Streaming exclusivity will hurt companies in the long term

The myriad streaming choices will also make accessing content much more complicated for viewers.

Remember when there was just Netflix and Hulu, and nobody cared about Hulu? Simpler times, those were. Now that entertainment and mass media companies have realized how lucrative online streaming is, these once-dominant services now have some serious competition. Well, competition incentivizes better, more cost-effective offerings from producers, so competition is good for consumers, right? In 99.9 percent of cases, I would say the answer is obviously yes.

By now, however, you can probably tell that this is one of those scenarios where that is not the case. In the streaming industry, competition is not about making your product better; it’s about making other products worse. Enter the exclusivity deal.
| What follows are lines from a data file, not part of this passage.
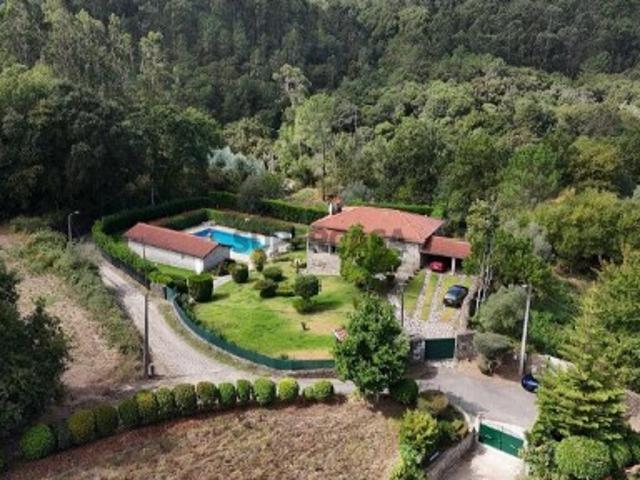 Casa / Villa T3 em Cornes de 309,00 m²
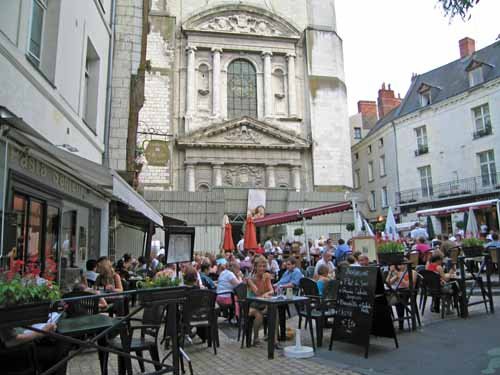 Walking in France: Dining in Saumur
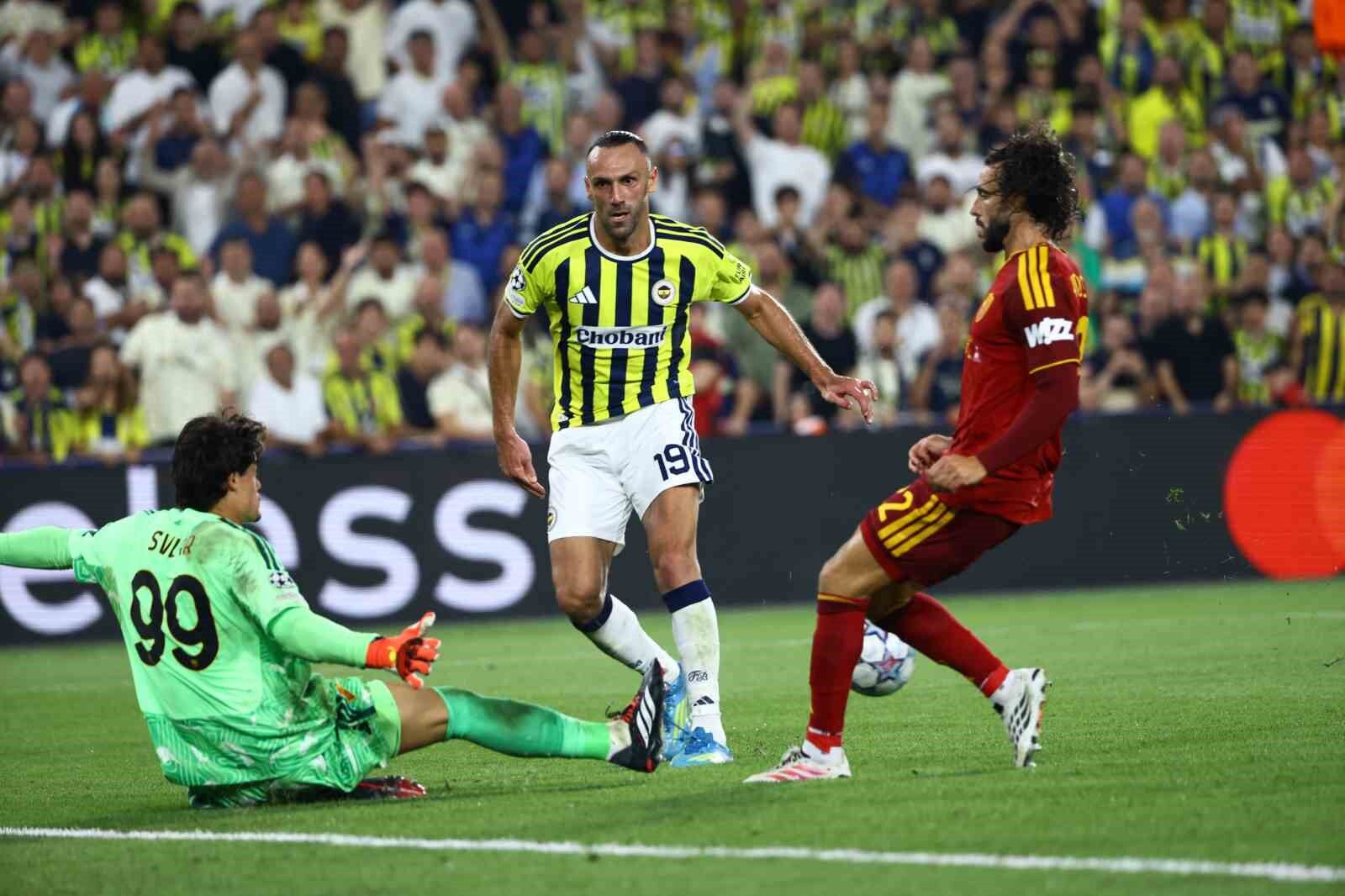 Fenerbahçe, Şampiyonlar Ligi'ne 1 puanla başladı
You can watch “The Office” on Netflix, but not on Hulu, because Netflix has paid NBC for the exclusive rights to stream the show online. In the industry’s infancy, when there were only two major legal streaming services, this was not such a big deal, and it allowed the two services to one-up each other with new offerings. Times have changed, however, and now every vaguely media-related company has its own streaming service either available or soon to be released (Netflix, Hulu, Amazon Prime, CBS All Access, ESPN+, Disney+, HBO Now, HBO Max, Peacock, Apple TV+, YouTube TV, NBC Sports Gold, et al.).
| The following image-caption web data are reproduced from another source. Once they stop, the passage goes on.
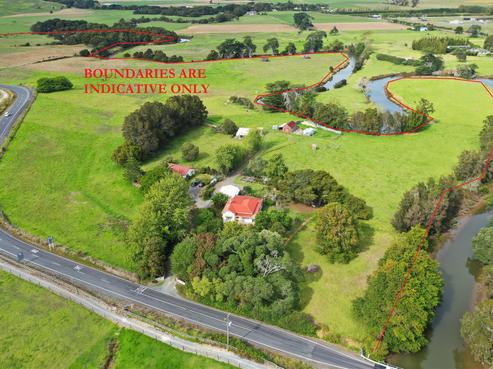 84 Cove Road, Waipu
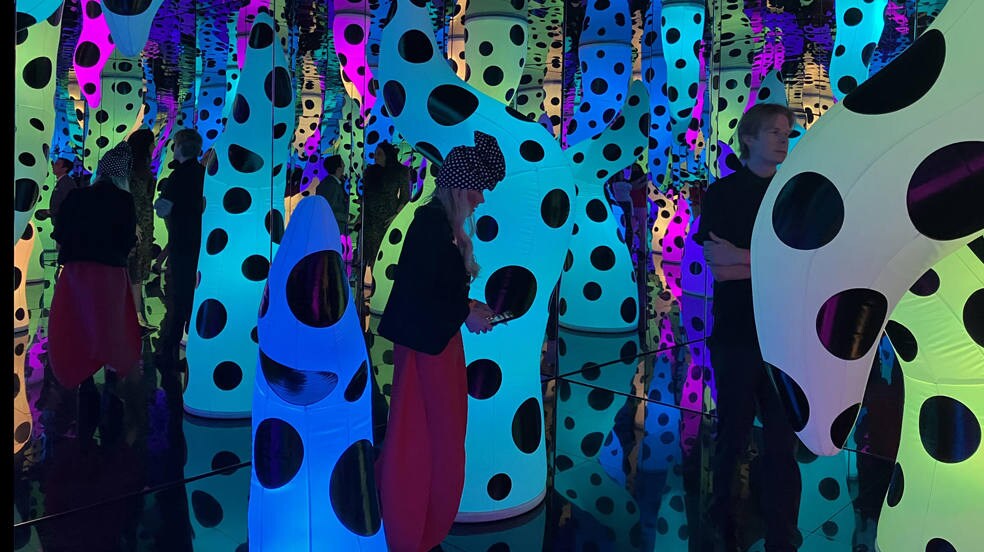 Unas personas visitan la instalación "Love is Calling" de la artista japonesa Yayoi Kusama, que forma parte de la serie "Infinity Mirror Rooms" (habitaciones de espejos infinitos), en el Museo de Arte Pérez, en Miami (Estados Unidos). 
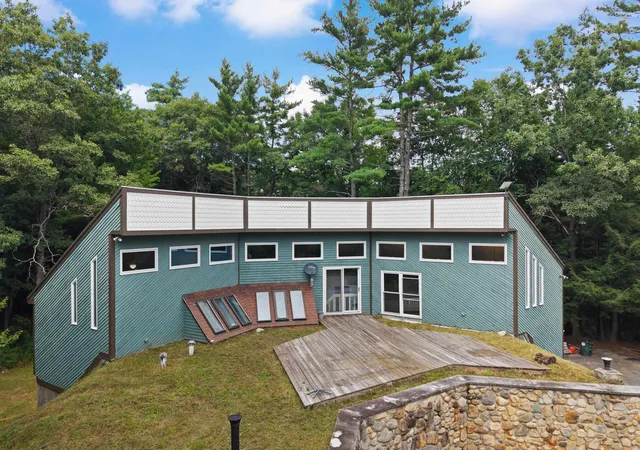 Photo 3 of Single family home for sale at 101 Black Brook Rd, Goffstown, NH 03045 | MLS# 5107124 | Listing updated on 2026-09-06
Naturally, since NBC will soon release its dedicated streaming service (Peacock), “The Office” will be available for streaming there and only there, otherwise NBC would have to admit that they have nothing unique worth buying an entire streaming service for. Because there is now a prolific number of streaming services, and each is segmenting off its own corner of the digital marketplace, a Netflix subscription is less valuable than it was ten years ago in terms of the content it includes. Netflix knows this; that’s probably why they’ll toss a few million bucks to any recently-graduated film studies major with a script written in crayon to produce an original series.

Before Netflix, there was piracy. It goes without saying that piracy is illegal. Peer-to-peer file sharing, torrent sites and other shady software can be used to access movies and TV shows online. When the internet was in its infancy, this was the easiest way to access online media, but there was a high probability of downloading a virus or malware. Because of the risk involved, when streaming services began to offer the same content for a monthly fee without the risk of being tricked into downloading something as sinister as McAfee antivirus, many stopped pirating and started streaming.
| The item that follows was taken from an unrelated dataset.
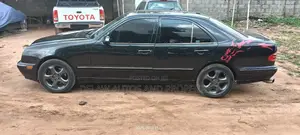 Mercedes-Benz E320 2006 Black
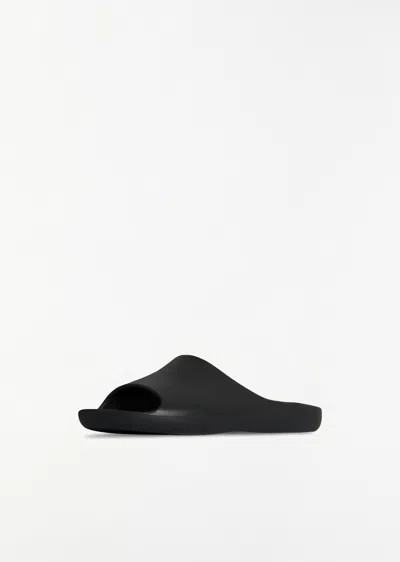 The Row Ama Slipon In Rubber In Black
Now that it is harder to access content through streaming, this trend is reversing. The Institute for Information Law found that, in 2014, 83 percent of people in the U.K. accessed some type of streaming content legally and 38 percent accessed some type of streaming content illegally. In 2018, Variety found that some 60 percent of consumers had accessed content illegally. Although these used different survey methods (it was really hard to find two surveys of the same country, okay?), there is a clear and present increase in interest of piracy, especially when one considers that the Variety survey also found that 83 percent of pirates try to find legal channels to access the content first.

The streaming industry is tearing itself apart by focusing on short-term profit; people will follow the path of least resistance and once it becomes easier to pirate, people will pirate. Personally, though, I’m just going to be using my 10 different defunct emails and just getting a free trial whenever I want to watch something.